Joy In Patterns

August 22, 2010

I took this picture of two of my students, and I had to share it. The satisfaction and excitement are so palpable.

I love pattern blocks, and here’s why:

  1. They’re fun—kids love to play with them. I like playing with them too. When I broke them out, these two needed no prompting to start building; it was a treat, right away.
  2. The connections to math are immediate. This lesson went from playing to a discussion about different kinds of symmetry (notice that there are no lines of symmetry in the shape that’s down on the table, yet what kind of a world would it be if we couldn’t describe it as symmetrical? It has a different kind of symmetry, we decided: rotational symmetry), to thinking about problems of resizing pattern blocks, and comparing their areas (how many little triangles would you need to make that big triangle in the picture?).
  3. The connections to art are immediate! And this can lead to a new kind of meta-discussion: are the things that make a pattern pretty artistically the same as those that make it pretty mathematically?
  4. Most elementary school classrooms already have pattern blocks. And millions of lessons on how to use them.

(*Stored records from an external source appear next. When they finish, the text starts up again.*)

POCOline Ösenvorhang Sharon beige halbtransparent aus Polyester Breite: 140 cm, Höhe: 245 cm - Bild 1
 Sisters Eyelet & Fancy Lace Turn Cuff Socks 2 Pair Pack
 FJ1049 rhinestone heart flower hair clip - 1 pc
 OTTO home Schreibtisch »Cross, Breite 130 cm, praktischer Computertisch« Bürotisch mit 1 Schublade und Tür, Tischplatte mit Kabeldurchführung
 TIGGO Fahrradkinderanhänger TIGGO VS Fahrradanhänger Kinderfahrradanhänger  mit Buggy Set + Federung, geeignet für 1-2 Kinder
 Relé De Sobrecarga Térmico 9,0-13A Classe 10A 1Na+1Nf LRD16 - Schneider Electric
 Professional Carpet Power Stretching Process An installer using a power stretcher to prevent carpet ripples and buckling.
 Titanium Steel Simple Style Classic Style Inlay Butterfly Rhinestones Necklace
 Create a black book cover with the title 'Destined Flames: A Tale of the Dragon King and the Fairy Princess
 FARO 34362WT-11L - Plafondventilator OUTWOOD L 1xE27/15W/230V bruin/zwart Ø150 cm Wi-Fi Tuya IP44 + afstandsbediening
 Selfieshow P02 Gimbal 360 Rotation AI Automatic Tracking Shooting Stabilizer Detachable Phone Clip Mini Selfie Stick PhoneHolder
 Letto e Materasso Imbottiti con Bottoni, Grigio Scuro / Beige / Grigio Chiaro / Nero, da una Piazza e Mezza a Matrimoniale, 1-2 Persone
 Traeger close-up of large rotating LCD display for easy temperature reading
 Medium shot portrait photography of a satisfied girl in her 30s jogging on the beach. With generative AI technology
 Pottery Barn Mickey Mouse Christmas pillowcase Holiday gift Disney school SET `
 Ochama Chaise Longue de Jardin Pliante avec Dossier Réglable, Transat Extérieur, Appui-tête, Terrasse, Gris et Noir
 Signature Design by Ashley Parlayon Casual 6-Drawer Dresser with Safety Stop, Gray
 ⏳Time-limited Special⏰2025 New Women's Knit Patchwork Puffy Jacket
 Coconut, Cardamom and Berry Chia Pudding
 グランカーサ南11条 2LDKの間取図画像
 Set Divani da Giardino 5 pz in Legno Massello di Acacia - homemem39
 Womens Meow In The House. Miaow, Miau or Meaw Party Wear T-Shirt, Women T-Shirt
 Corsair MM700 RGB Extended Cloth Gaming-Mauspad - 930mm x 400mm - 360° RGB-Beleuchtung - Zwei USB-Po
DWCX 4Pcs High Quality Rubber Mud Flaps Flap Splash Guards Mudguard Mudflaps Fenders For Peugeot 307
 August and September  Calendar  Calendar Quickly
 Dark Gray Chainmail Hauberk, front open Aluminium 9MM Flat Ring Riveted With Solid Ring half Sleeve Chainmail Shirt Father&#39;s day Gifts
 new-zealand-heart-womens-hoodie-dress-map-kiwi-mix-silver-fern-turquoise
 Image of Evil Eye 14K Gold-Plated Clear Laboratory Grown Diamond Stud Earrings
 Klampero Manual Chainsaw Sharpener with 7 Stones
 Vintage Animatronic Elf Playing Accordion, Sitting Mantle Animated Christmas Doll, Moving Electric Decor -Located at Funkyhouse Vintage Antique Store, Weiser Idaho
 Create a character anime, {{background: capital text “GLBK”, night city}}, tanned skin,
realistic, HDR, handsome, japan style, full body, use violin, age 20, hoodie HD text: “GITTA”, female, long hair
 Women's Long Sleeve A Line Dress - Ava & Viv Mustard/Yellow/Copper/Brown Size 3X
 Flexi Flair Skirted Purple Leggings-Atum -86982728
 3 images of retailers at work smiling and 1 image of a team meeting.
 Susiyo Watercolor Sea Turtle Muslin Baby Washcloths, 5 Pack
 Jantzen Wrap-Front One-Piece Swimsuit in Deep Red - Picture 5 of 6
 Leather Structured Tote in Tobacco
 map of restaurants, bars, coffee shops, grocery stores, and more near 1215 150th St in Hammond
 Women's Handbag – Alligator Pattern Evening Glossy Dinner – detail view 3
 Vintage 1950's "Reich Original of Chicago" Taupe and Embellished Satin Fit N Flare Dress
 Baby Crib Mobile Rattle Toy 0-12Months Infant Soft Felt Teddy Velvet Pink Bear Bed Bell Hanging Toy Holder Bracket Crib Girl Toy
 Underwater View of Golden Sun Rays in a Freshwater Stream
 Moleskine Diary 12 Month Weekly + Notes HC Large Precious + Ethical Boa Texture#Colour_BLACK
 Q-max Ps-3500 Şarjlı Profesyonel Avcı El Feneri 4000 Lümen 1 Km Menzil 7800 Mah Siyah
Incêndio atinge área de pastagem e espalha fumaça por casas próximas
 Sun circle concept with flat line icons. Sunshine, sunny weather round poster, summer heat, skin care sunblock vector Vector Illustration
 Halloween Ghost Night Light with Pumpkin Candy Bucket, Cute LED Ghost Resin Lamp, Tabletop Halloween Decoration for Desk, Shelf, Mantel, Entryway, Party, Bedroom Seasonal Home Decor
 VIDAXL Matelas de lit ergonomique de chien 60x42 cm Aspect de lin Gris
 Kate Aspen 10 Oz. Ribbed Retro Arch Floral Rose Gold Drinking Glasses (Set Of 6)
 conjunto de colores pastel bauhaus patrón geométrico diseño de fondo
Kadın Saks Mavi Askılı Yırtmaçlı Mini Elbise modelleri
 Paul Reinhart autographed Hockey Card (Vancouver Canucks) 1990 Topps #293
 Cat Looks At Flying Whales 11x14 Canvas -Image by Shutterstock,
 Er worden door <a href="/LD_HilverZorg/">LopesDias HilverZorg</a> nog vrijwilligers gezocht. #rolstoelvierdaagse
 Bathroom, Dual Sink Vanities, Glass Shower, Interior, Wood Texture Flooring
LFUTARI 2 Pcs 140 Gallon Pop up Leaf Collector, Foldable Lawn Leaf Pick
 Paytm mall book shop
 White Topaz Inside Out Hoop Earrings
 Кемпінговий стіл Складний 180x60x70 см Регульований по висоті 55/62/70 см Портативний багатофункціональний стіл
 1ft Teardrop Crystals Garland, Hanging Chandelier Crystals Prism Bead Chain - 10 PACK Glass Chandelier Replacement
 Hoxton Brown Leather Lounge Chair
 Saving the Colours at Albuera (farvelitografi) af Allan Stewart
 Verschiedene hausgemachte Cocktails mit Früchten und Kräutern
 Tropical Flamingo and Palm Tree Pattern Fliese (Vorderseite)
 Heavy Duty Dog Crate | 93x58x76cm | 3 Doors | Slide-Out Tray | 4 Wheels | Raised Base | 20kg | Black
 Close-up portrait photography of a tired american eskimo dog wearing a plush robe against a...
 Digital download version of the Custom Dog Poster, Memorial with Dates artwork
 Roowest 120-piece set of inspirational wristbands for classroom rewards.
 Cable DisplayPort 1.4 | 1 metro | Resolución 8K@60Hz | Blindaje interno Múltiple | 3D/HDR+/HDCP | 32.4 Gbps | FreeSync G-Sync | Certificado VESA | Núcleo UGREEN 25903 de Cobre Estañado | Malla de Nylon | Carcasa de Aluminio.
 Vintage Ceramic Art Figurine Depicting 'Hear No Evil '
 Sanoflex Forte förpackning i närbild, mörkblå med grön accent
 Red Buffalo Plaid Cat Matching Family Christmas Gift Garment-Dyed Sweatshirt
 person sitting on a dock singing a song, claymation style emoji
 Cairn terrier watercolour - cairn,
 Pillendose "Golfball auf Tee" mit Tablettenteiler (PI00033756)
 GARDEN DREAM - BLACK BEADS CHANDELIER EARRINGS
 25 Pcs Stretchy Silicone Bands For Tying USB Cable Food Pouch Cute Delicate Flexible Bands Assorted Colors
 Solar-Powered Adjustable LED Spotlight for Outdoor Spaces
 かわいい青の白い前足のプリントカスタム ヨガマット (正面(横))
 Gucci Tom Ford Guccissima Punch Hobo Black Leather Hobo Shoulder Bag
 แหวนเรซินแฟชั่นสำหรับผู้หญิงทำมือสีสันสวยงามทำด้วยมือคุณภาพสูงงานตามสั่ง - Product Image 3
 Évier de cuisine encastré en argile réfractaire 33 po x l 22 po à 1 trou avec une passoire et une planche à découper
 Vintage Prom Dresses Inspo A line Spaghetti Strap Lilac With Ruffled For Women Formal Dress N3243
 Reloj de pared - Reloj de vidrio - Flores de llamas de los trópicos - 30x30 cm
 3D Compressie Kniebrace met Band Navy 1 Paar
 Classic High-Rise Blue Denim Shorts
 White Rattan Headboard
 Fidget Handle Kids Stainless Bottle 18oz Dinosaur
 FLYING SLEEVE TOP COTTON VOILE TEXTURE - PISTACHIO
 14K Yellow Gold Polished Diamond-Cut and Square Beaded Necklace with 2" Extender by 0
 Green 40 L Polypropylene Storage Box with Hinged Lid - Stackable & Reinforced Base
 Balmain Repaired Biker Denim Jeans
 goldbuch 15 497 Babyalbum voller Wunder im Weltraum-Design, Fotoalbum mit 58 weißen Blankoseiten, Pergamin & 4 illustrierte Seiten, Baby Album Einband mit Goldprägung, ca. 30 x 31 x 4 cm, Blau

This picture, to me, is like a little image of what math feels like. Every mathematician feels that moment of giddy excitement when something comes together. I keep thinking of the Oscars where Roberto Benigni won Best Foreign Language Film for Life is Beautiful. Later that evening, Tom Stoppard won Best Screenplay for Shakespeare in Love. Standing staid at the podium, he said “I feel like Roberto Benigni on the inside.” I think that’s what a lot of mathematicians are like: not too externally exciting, maybe, but just like these two brilliant girls on the inside at that moment when a structure you weren’t sure you could build stands before you.